Data provided: Begin

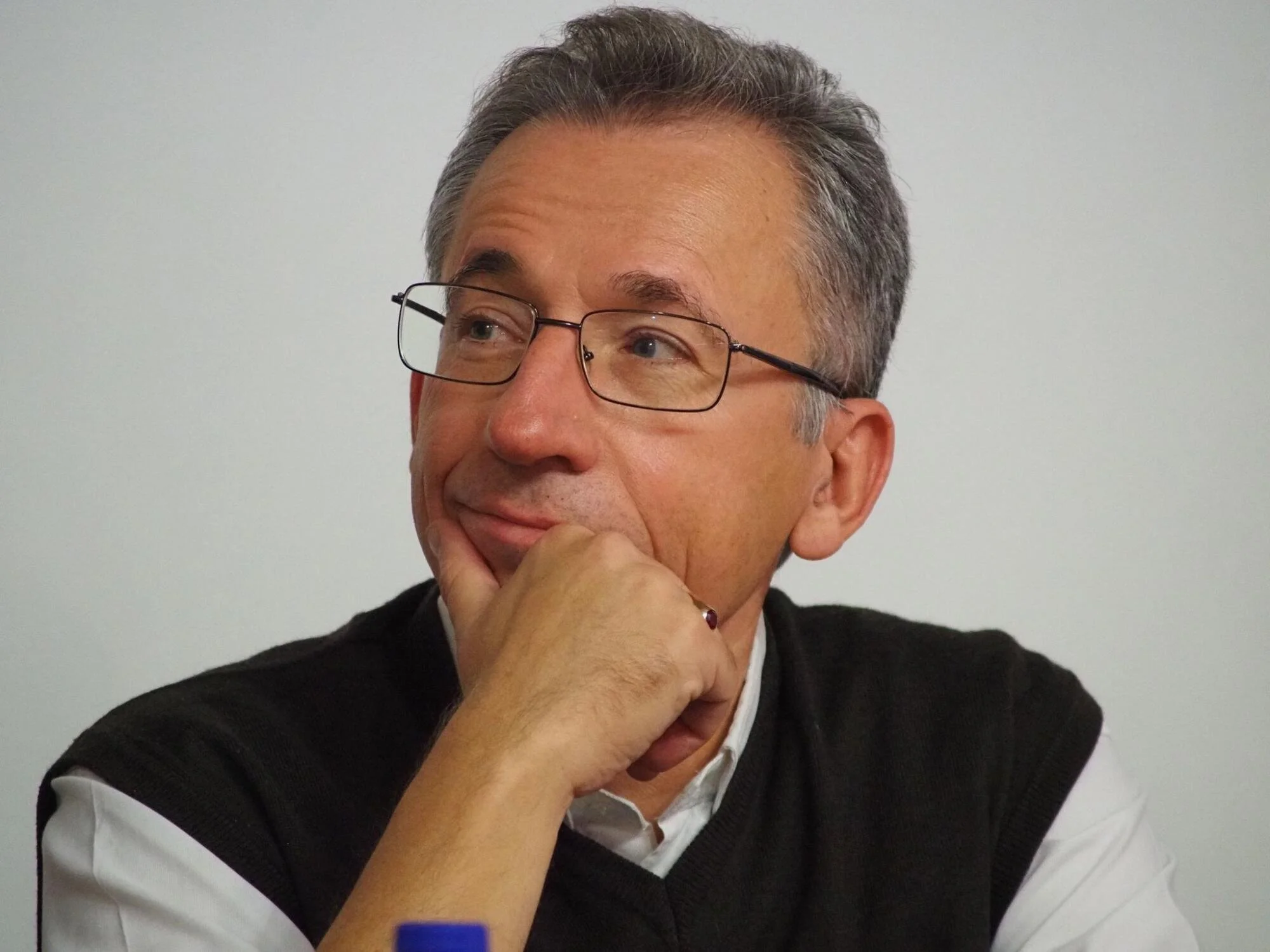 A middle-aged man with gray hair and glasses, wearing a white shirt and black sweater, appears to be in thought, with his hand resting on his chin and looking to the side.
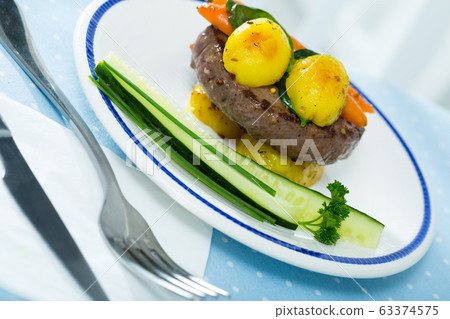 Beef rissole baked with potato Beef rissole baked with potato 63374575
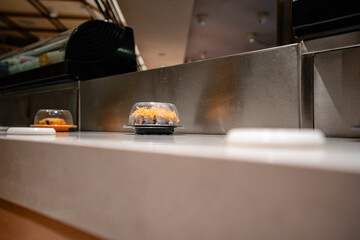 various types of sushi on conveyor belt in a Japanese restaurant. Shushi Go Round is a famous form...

Data provided: End

Task | Nothing but the pictures should be left out when the listing is repeated exactly.

Task response |
 A middle-aged man with gray hair and glasses, wearing a white shirt and black sweater, appears to be in thought, with his hand resting on his chin and looking to the side.
 Beef rissole baked with potato Beef rissole baked with potato 63374575
 various types of sushi on conveyor belt in a Japanese restaurant. Shushi Go Round is a famous form...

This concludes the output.